Both ANA and JAL serve Hamada City with direct flights from Japan's major cities. Or you can get there by train or car in about 2 hours from either the cities of Hiroshima or Matsue, which is the largest city in Shimane prefecture.

Hamada is a modest-sized country town, mainly serving its deep-water port. It was the feudal castle seat of this area of western Japan from the Heian (794-1192) through Edo periods (1603-1868), when the area was known as Iwami province. The castle is now in ruins, and there is little left of the old town. Hamada's main attractions are the beautiful white sand beaches, hidden coves, and towns and villages along its nearby coast.

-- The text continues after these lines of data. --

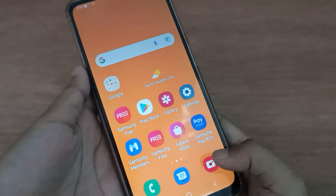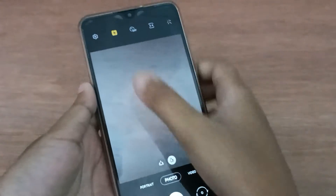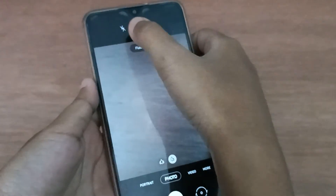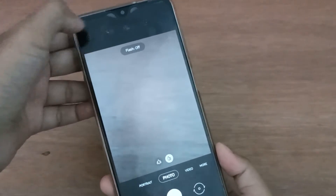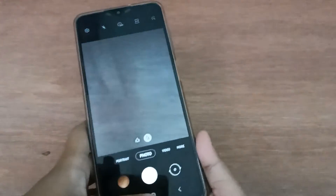First, you have to move to the camera. From here, you have to click on the yellow color, then click on the first one and the flashlight will be set off. Remember: yellow color, then the first one — click it and the flashlight will be set off.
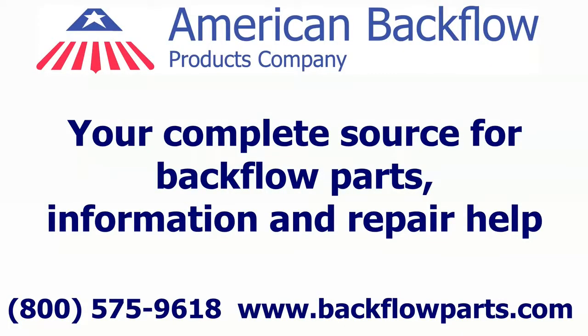American Backflow Products — your complete source for backflow parts, information, and repair help. If you have a troubleshooting question or need repair help, please contact us at 1-800-575-9618.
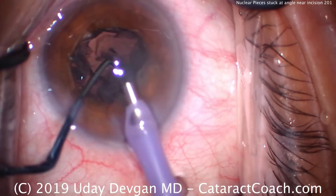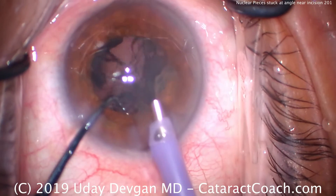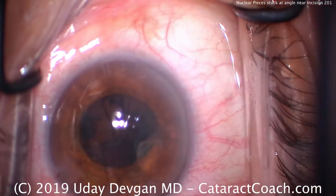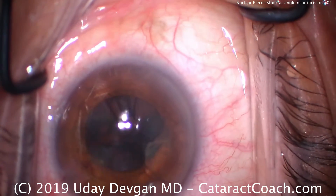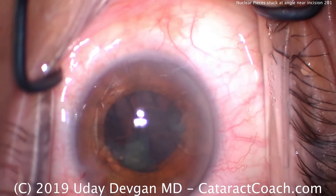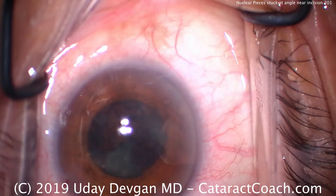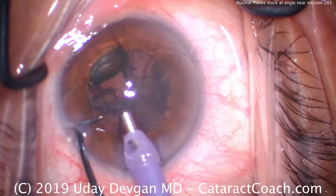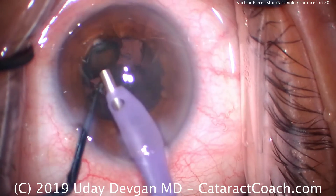Last few pieces. Now look — just to the right of the main incision there's a piece of nucleus. I don't want to risk trying to pivot and pull out of the eye and lose infusion. So I'll just come out, use balanced salt solution on a blunt cannula, and just hydrate and push that piece — wash it out of the angle. That's a much safer option.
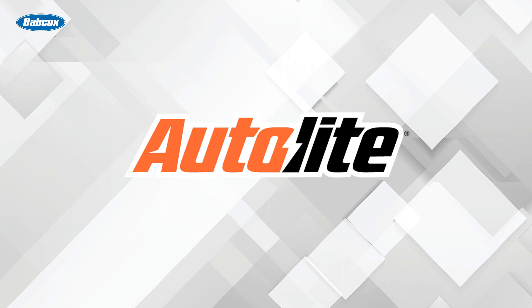This video is sponsored by Autolite, manufacturers of high quality spark plugs since 1935. Visit autolite.com for more information.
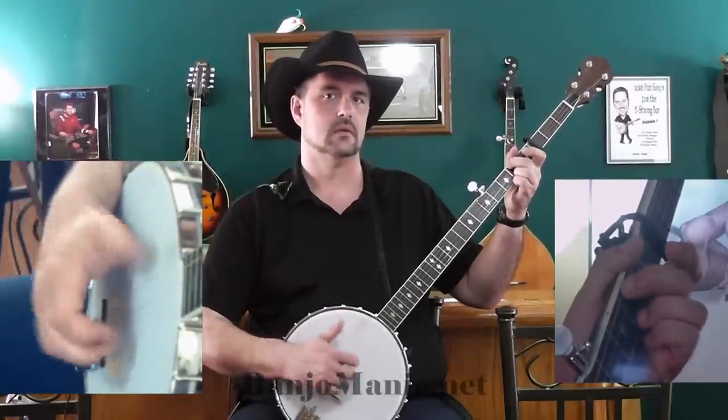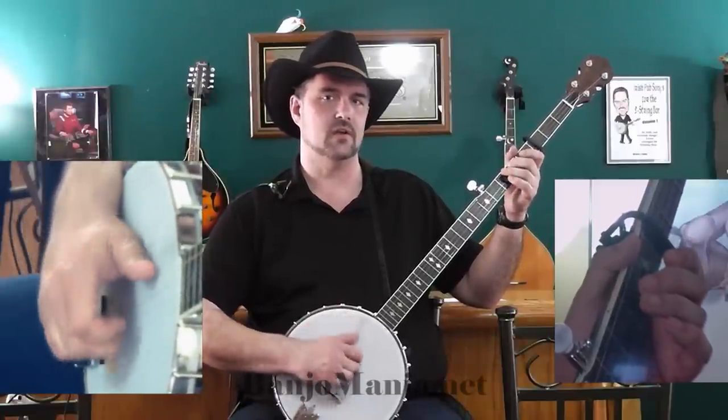Do that again. I'm going to show you that little run — I'm going to slide from the first to the third on that second string. Pull off. Do that again.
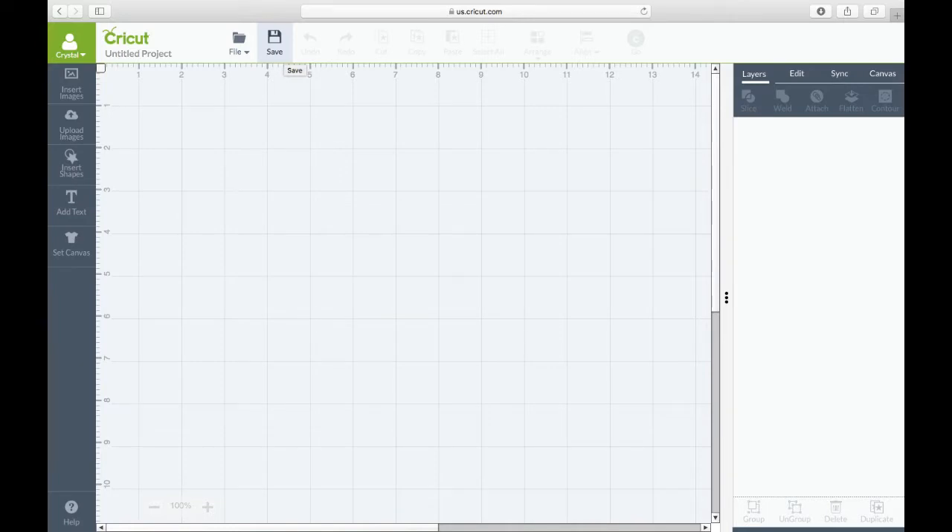Hi guys, it's Crystal, welcome back to the channel. Today I'm going to show you how I created the mama bear in Cricut Design Space that I put on my Dyson.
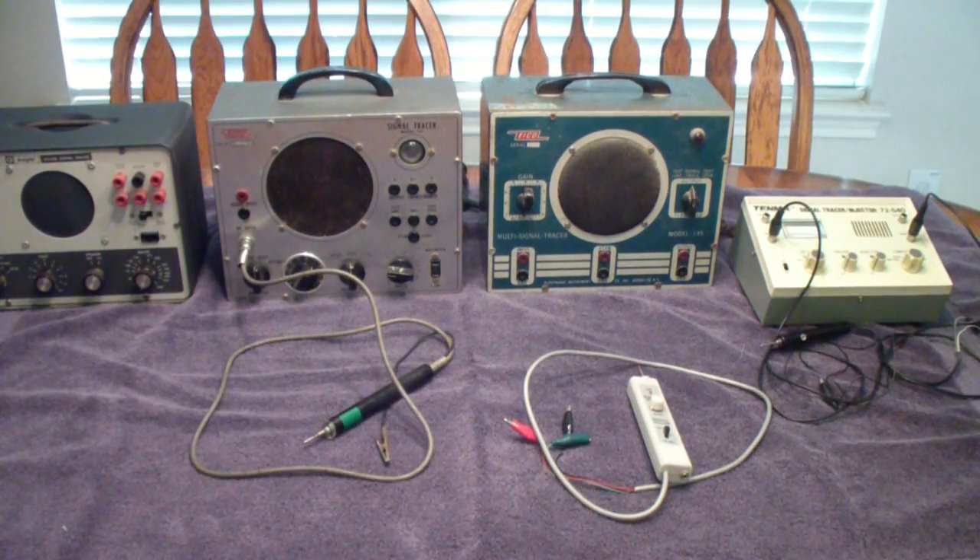Here are five signal tracers. The three on the left are more or less vintage signal tracers, tube-based, designed in the 50s, manufactured into the 60s, maybe even into the 70s. On the far right is a little bit more modern solid-state signal tracer that also does signal injection. And down below is another little solid-state kit that you can build, made by Olenco. We'll talk about each of these in turn.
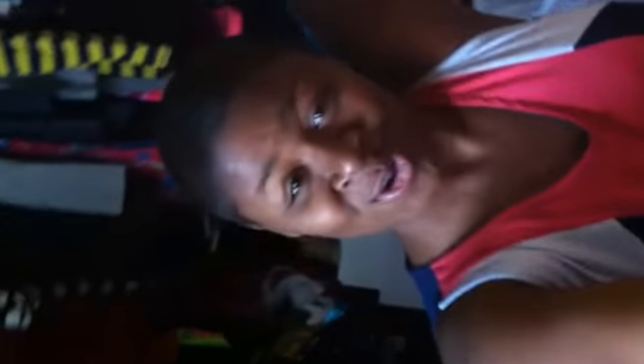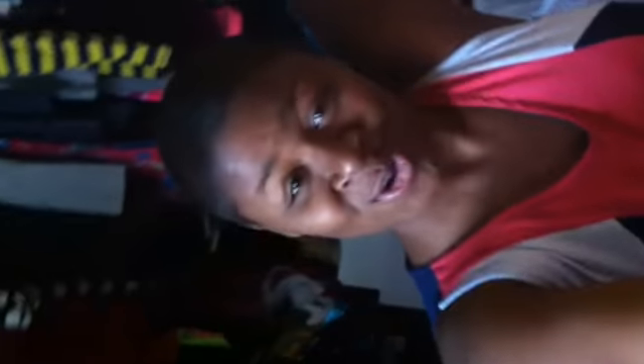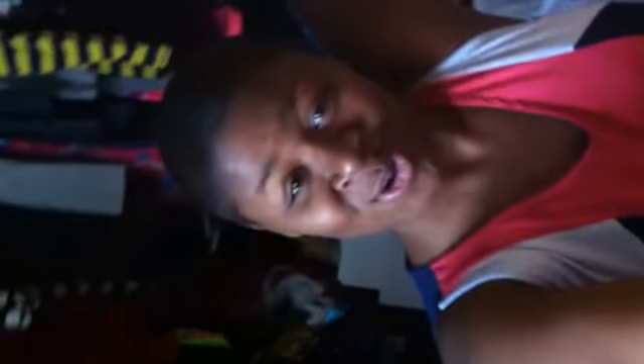All right, this is the whole thing. So now you're just going to even it out with the brush. I'm just going to pull the tape off. All right, so that is the completed look of it.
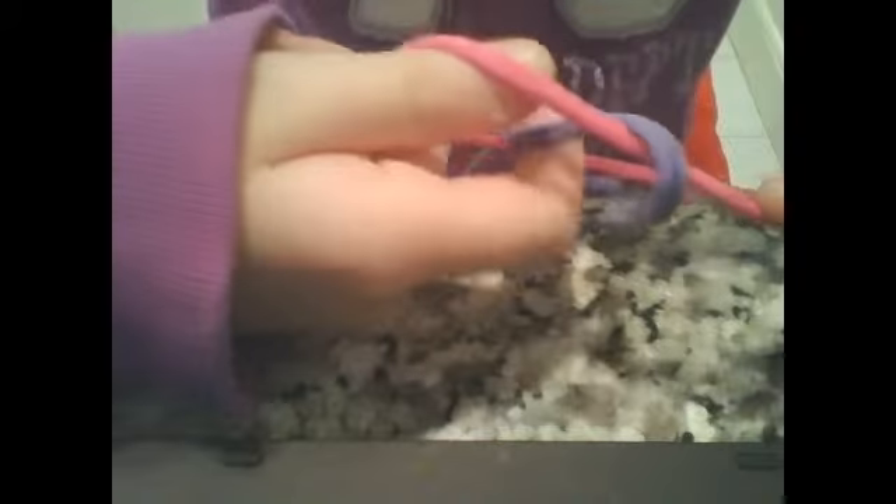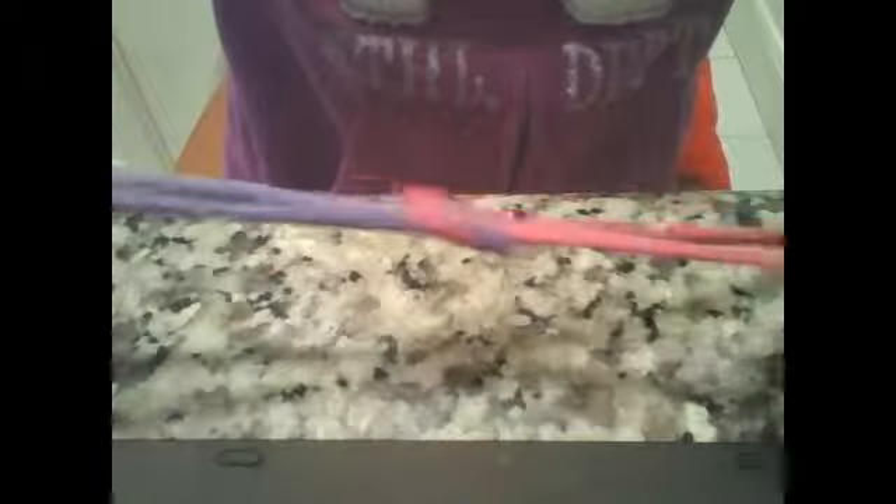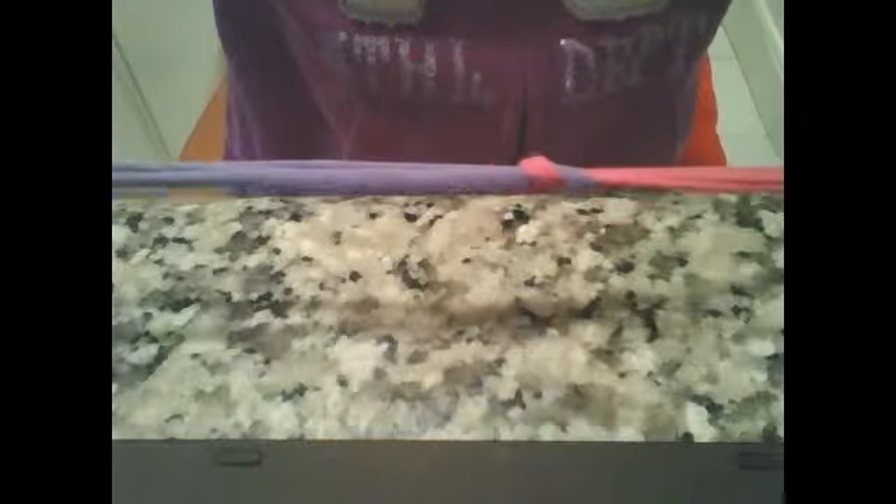Stick your finger through, grab it, and pull tight. You could call this a large knot too.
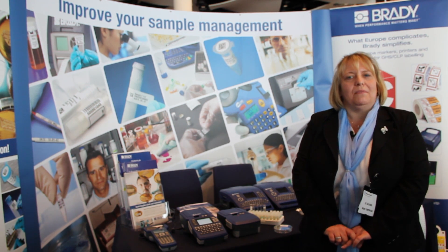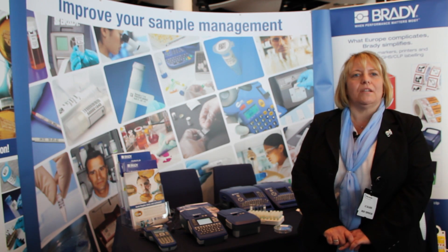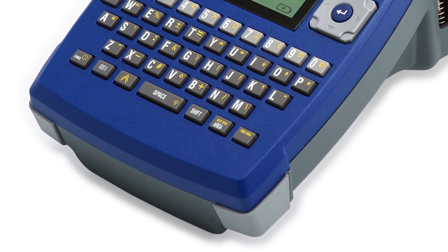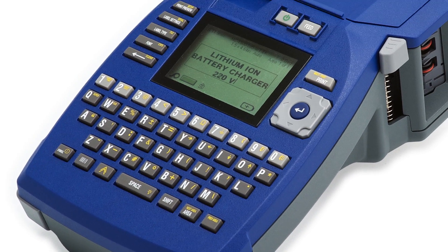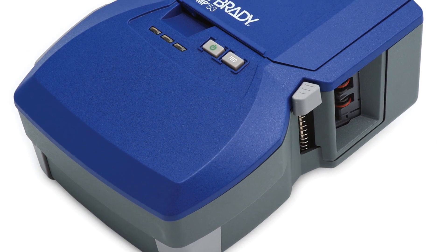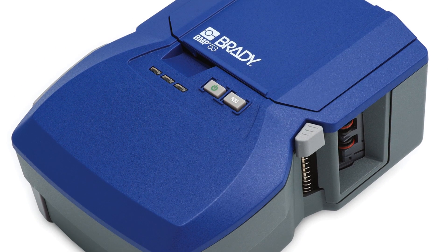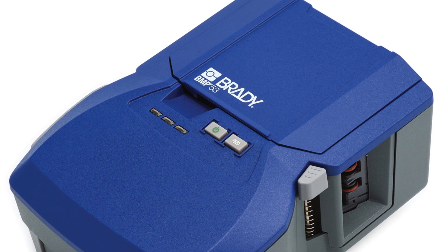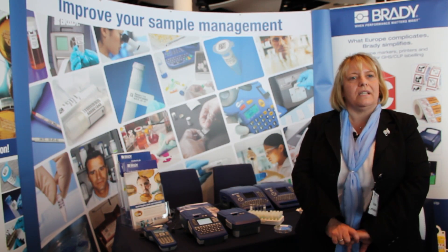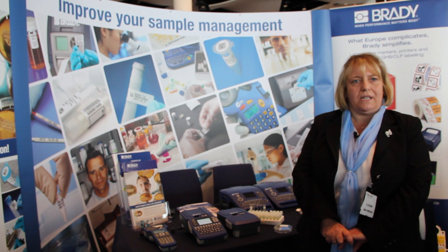Both printers are available to work with a free-of-charge downloadable software app for all Android phones. The BMP51 has a standalone keyboard and has all the range of labelling applications for the laboratory. The BMP53 has no keyboard and you can use it with a PC or an Android phone. The same labels go into each printer.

The white sand beach of Kuromatsu north of Hamada City. The Grand Shrine at Izumo is located in the mountains in the distance.

The hillocks and coves of the meandering harbor of Yunotsu Onsen, part of the Iwami Ginzan UNESCO World Heritage Site.

Nearby Travel

Shimane prefecture is one of the oldest regions in Japan, and along with the islands of the Seto Inland Sea and the area around the Nara basin was one of the three ancient bases of Japanese civilization and culture. The prefecture's most famous sight is the Izumo Taisha Grand Shrine, which together with the Ise Grand Shrine in Mie prefecture and Oyamazumi Shrine on Omishima Island in Ehime prefecture form the trinity of most important Shinto shrines in the country. There are other Shinto shrines and Buddhist temples located throughout the prefecture that are unique in their grand yet still rustic design and sensibility. Travel in Shimane prefecture is as much about experiencing and enjoying its beautiful landscapes and ways of life as it is about sightseeing. In addition to an abundance of farms and good food from sea and land, there are hot spring spas, nighttime exhibitions of Shinto kagura dancing, hiking, cycling, and swimming, and the gentle slow way of life of Shimane's towns and villages.

Just 45 minutes from Hamada by car or JR San'in train line is Yunotsu Onsen, which is part of the Iwami Ginzan UNESCO World Heritage Site. Yunotsu Onsen has a 1,300-year history as a spa town and also one of Japan's busiest ports during the 16th and 17th centuries. Today it is a small, quiet fishing village and good, old-fashioned hot springs resort that is almost hidden among the area's lush hillocks and rocky coves.

From Yunotsu Onsen it is another 45 minutes by train and bus or car to the mountain village of Omori, which is the other half of the Iwami Ginzan UNESCO World Heritage Site. Omori is one of the best preserved and most beautiful mountain villages in Japan, thanks in large part to Daikichi and Tomi Matsuba. Two of Japan's leading sustainability pioneers, they have led the revitalization of the 400-person village, as well as the creation of their very successful Gungendo brand of clothes, household items, and food products, by using traditional skills, resources, and values to help create richer, more meaningful, and sustainable ways of modern living.

The outdoor hot springs bath at Kiunso Ryokan in Yunotsu Onsen.

The mountain village of Omori.

Where to Buy

Hamamori no Moshio is widely available in stores across Shimane prefecture.

Hamamori no Moshio seaweed and white sea salt for sale at the Michi no Eki in Hamada City.

You can also find it in Tokyo at:

Shimanekan — Shimane prefecture's "antenna shop" in Toyo is located across from Mitsukoshi's main department store in Nihonbashi. It offers a wide variety of local foodstuffs and crafts, while its restaurant "Mondo" serves regional cuisine and sake.

Fukushima Building 1F, 1−5−3 Nihonbashimuromachi, Chuo-ku, Tokyo 103-0022
Open 10:30—19:00 daily, including Sunday.